Whether it's a speedboat slicing through Venice's Canal Grande or the noisy rattle of a ride in a south-east Asian tuk tuk, these iconic modes of public transport are the essence of their cities.
NEW YORK YELLOW CAB
Nothing says New York like a yellow cab. All officially-approved cabs sport a medallion on the hood, so make sure you look out for these. These medallions are in fact, greatly valued and sometimes cost as much as six figures. Many are passed down as heirlooms from father to son.
LONDON BLACK CAB
Though cabs in London now come in a bunch of other colours, the original black cabs are still officially known as Hackney Carriages and have been seen on London roads since the early 60s.
VENICE WATER TAXI
While water buses are a cheaper and more practical mode of transport through Venice's canals, and gondolas are the tourist favourite, nothing spells style like hopping aboard a water-taxi speedboat.
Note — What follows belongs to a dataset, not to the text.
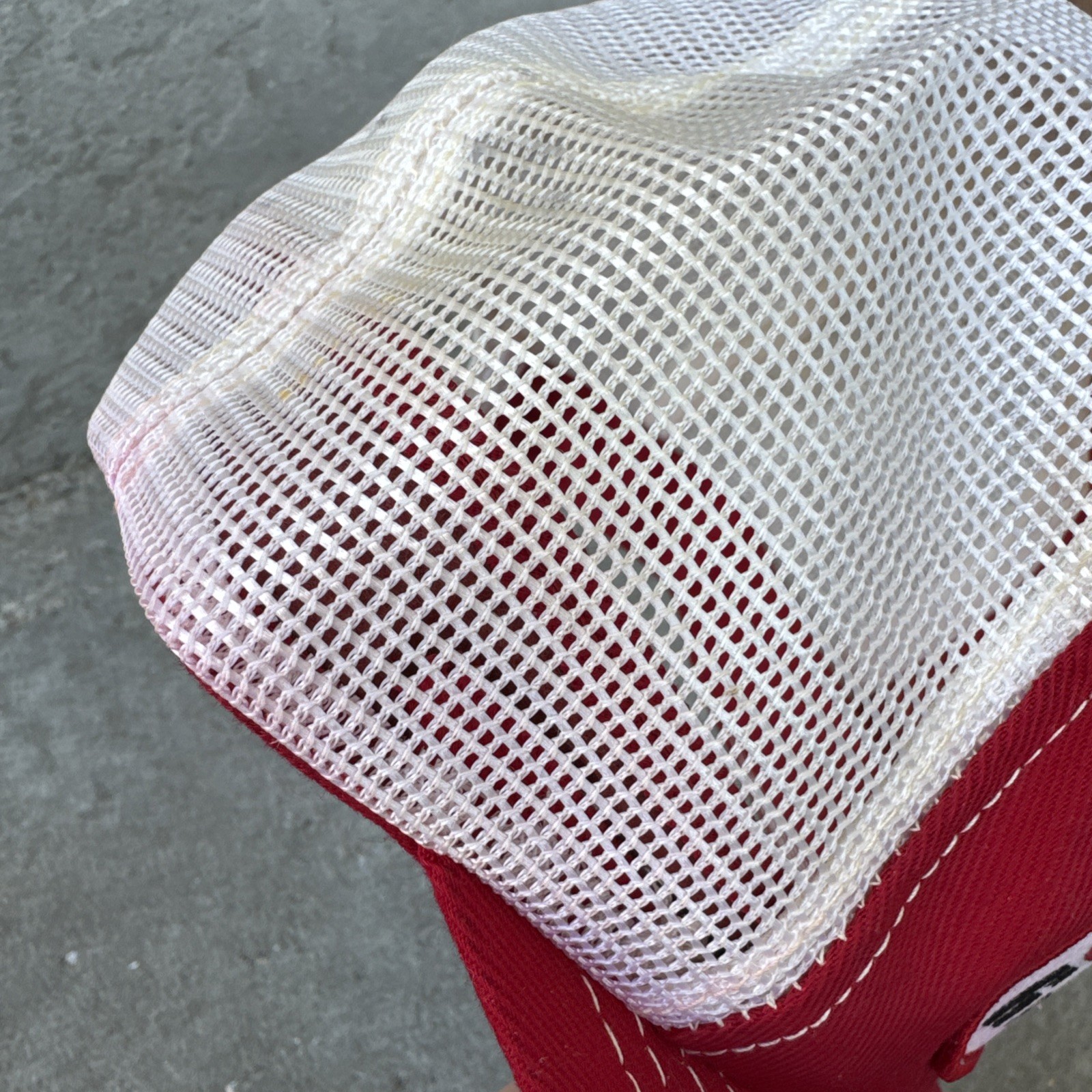 Vintage Rope Master Johnson Patch SnapBack Hat Ca… - image 9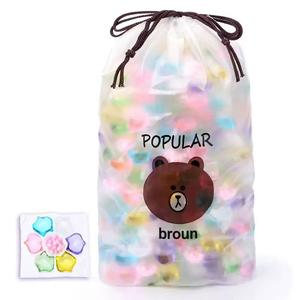 Cápsulas de Lavandería Líquida Ecológicas y Sostenibles Más Vendidas para Ropa, Desechables, con Alto Contenido de Ingredientes Activos, de Disolución Rápida - Product Image 3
It may be one of the more expensive ways to travel in Venice, but they make a compelling style statement.
BANGKOK TUK TUK
A popular and cheap way of getting around,t the tuk tuk, or auto rickshaw as it is known, is a popular public carrier in developing countries. This three-wheeler has now been introduced in many Western countries including Germany and the Netherlands.
MALDIVES SEA PLANE TAXI
One of the most amazing cab rides in the world, these planes seat up to 18 people and serve up to 40 resorts in the region. Not only is this the fastest way to travel within the archipelago, it's also the most convenient way to travel from the international airport in Male to other parts. Book yourself a spot in advance.
HAVANA COCO TAXI
The unconventional egg-shaped coco taxis are also three-wheelers seating passengers within a fiberglass shell. Inexpensive and relatively comfortable, they're perfect for a balmy evening ride in tropical Cuba.
Though these open air taxis only function during the warmer months from April to October, they employ the most environmentally friendly method of travel. They are manually powered and emission-free, but pack a battery-powered engine in case the driver wants a quick break.